Soaring provisions and costs bite into DBS unit's interim
A huge jump in expenses and bad loan charges has thrown DBS Kwong On Bank's interim profit sharply into reverse.
The bank revealed operating expenses surged 40.9 per cent to HK$349.3 million in the half to June 30.
That big jump in costs extinguished the 20.5 per cent increase, to HK$549.8 million, in operating income.
With bad and doubtful debt charges soaring to HK$58.1 million, from HK$18.75 million a year earlier, post-provision operating profit was down 24.9 per cent at HK$142.51 million.
A HK$51,000 one-off gain from asset disposals left the bottom-line after-tax profit attributable to shareholders down 29 per cent at HK$117.4 million.

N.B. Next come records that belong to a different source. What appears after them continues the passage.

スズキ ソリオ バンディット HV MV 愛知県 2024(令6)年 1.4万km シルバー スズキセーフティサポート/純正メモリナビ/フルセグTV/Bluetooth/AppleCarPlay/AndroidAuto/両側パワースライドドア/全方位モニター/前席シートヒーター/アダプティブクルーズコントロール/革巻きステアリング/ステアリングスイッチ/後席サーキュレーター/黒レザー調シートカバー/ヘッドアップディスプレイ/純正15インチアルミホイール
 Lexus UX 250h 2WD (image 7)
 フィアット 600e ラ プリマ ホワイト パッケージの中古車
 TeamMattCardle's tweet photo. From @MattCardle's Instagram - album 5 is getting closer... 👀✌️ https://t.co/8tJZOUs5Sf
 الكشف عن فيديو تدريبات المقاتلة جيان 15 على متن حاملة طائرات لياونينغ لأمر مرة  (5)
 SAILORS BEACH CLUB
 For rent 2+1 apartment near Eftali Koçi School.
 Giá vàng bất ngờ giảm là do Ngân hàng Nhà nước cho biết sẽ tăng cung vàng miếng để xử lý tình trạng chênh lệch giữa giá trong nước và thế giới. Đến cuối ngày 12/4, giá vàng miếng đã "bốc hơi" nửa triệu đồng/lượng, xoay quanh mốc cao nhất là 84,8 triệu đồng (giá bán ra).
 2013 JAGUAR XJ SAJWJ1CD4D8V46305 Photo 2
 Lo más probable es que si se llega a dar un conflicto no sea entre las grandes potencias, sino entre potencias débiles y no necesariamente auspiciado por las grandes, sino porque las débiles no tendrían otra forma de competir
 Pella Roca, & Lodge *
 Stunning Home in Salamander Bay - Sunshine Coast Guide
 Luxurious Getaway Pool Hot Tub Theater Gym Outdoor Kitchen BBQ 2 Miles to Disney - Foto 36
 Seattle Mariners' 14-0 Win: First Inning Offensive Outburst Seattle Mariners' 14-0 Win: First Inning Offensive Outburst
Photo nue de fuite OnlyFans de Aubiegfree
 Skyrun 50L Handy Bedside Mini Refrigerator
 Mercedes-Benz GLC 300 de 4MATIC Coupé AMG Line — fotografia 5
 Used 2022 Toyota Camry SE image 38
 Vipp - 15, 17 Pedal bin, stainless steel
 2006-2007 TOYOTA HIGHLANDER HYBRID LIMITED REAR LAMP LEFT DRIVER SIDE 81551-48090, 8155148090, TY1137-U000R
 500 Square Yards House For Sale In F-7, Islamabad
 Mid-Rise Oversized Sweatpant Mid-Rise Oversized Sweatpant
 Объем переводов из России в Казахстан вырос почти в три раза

No comment could be obtained from bank management last night on the increase in expenses or the reason for the big rise in bad loan charges.
However, during the half the bank launched its first credit card, and a breakdown of the loan portfolio shows credit card advances were HK$405.7 million as of June 30. That helped lift total customer advances 8.3 per cent, to HK$22.8 billion, and interest income 8.9 per cent to HK$1.08 billion.
Specific provisioning against non-performing loans was down by about HK$100 million - to HK$246.7 million from HK$351.2 million, and the non-performing loan portfolio was down from HK$1.05 billion, or 4.9 per cent of advances, to HK$739.2 million - 3.2 per cent of advances.
Kwong On was acquired by Singapore's DBS Group in July 1999 and became DBS Kwong On in March last year.